> Your instructions:
From the line containing "Modlą się o" to the line containing "Size 39 Plus" in the entries below, reproduce every line exactly, ends included. Nothing else belongs in the copy, and no pictures.

> Data in this exercise:
□ □ □ □

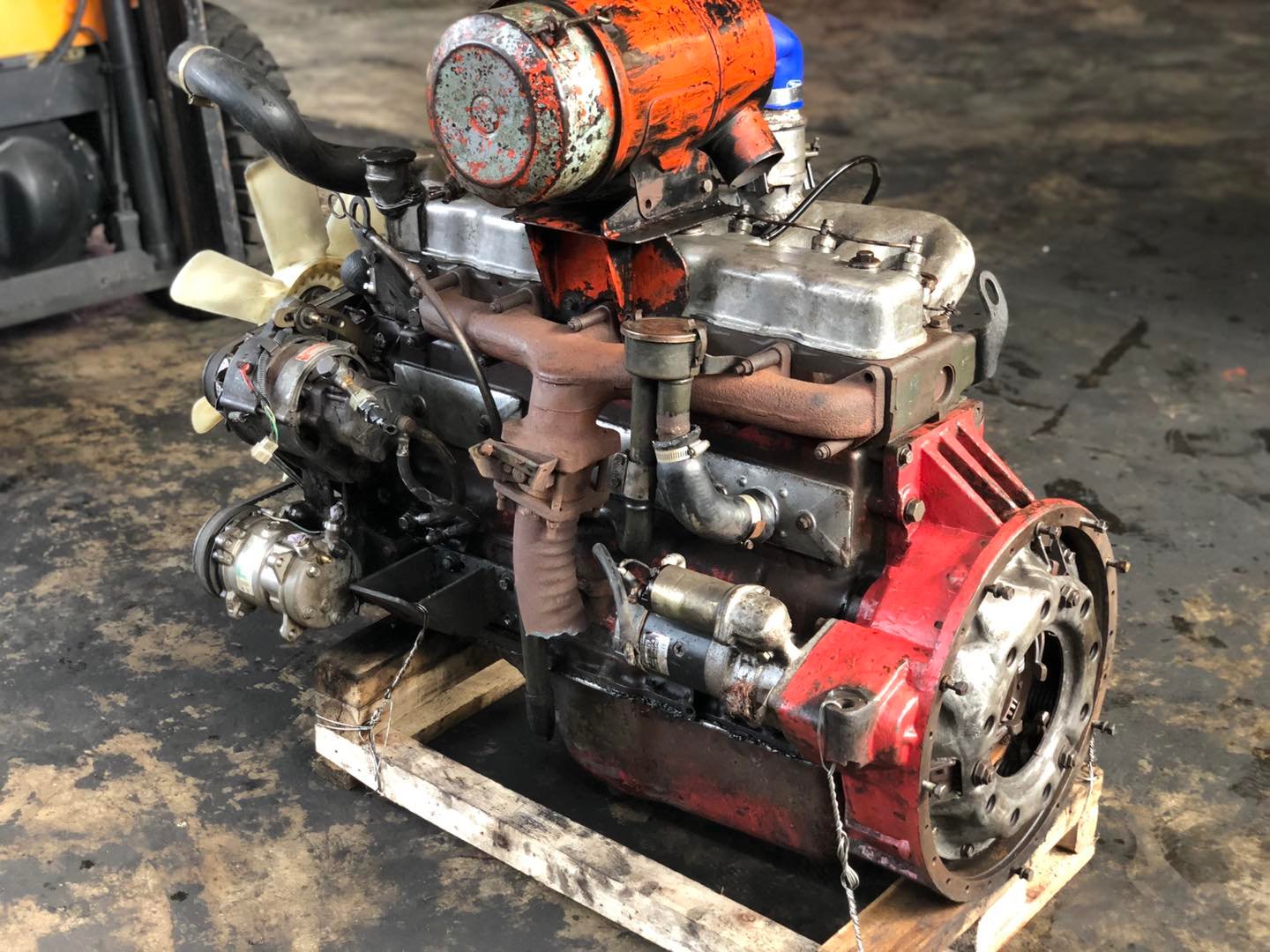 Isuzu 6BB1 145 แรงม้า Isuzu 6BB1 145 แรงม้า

□ □ □ □

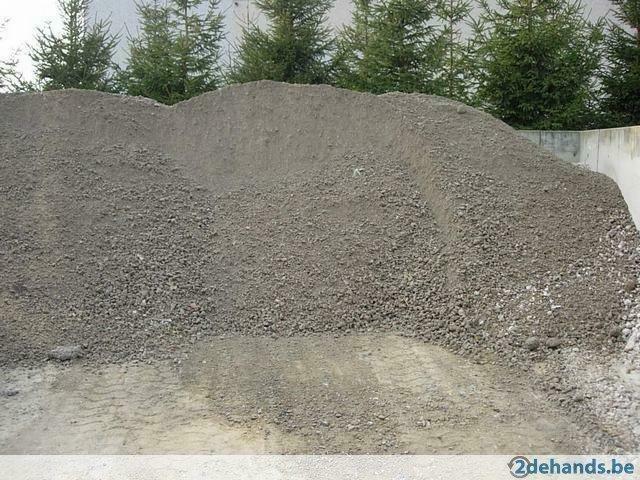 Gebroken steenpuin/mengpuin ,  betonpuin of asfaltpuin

□ □ □ □

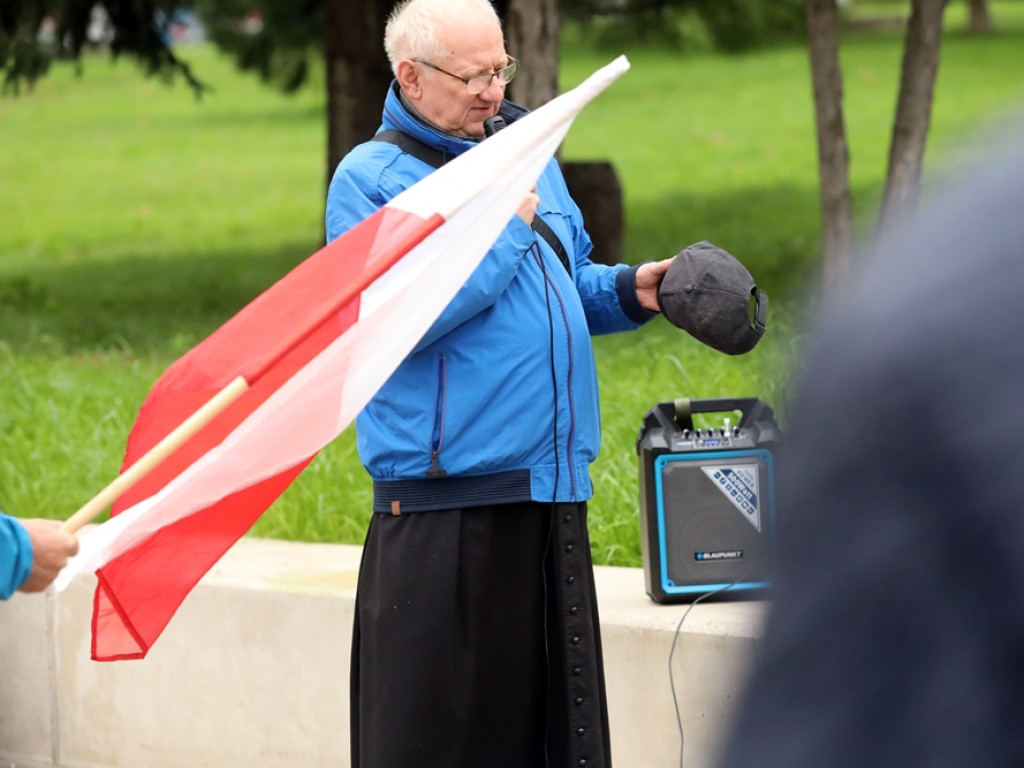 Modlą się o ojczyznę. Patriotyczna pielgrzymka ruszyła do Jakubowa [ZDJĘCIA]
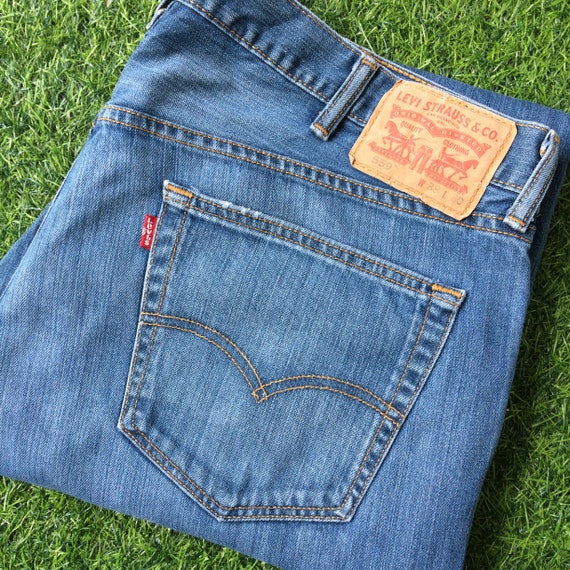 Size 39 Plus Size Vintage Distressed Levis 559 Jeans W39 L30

□ □ □ □

> Result of the exercise:
 Modlą się o ojczyznę. Patriotyczna pielgrzymka ruszyła do Jakubowa [ZDJĘCIA]
 Size 39 Plus Size Vintage Distressed Levis 559 Jeans W39 L30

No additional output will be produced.